In February 2026, a new CTV activation client was published with concrete BIP 9 deployment parameters: a 90% miner signaling threshold (1,815 of 2,016 blocks), a signaling start of March 30, 2026, and a timeout of March 30, 2027. Whether CTV will achieve the required miner signaling remains uncertain, and the broader Bitcoin community has not reached consensus on activation methodology for covenant proposals.
Why It Matters
CTV represents one of the most significant potential upgrades to Bitcoin Script since Taproot. By enabling even basic covenants, CTV would unlock new categories of Bitcoin applications that are currently impossible: trustless vaults for institutional custody, efficient batching for exchanges handling high transaction volumes, and payment pools that improve both scalability and privacy.

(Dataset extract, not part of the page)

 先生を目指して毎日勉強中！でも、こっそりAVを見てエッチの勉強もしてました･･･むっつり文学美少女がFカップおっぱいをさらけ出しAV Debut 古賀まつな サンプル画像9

For Layer 2 protocols like Spark and the Lightning Network, covenants could significantly improve channel construction, reduce the number of on-chain transactions required for setup, and enable new protocol designs that do not require all participants to be online simultaneously.
Risks and Considerations
Activation Uncertainty
CTV has not achieved community consensus despite years of review. The 2022 activation controversy highlighted the difficulty of reaching agreement on Bitcoin protocol changes. Developers remain divided on whether CTV alone provides sufficient value, or whether a more expressive covenant opcode should be adopted instead.
Scope Limitations
CTV's minimalism is a double-edged sword. Its narrow design prevents misuse but also limits its utility. Critics argue that adopting CTV will immediately create demand for additional covenant opcodes, leading to pressure for further soft forks. Proponents counter that CTV's conservative scope is precisely what makes it safe enough to deploy first.
Fungibility Concerns
Covenants broadly raise questions about Bitcoin's fungibility. If coins can be permanently restricted in how they are spent, some coins could be perceived as less valuable than unrestricted ones. CTV mitigates this concern because its covenants are finite: they expand through a predetermined tree and terminate, never creating permanent restrictions.
P2SH Incompatibility
CTV is incompatible with P2SH (Pay-to-Script-Hash) transactions. The template hash must commit to the scriptSig, which for P2SH would contain the redeemScript. Since the redeemScript itself contains the template hash, this creates an unsolvable hash cycle. CTV is designed to work with SegWit and Taproot outputs.
This glossary entry is for informational purposes only and does not constitute financial or investment advice. Always do your own research before using any protocol or technology.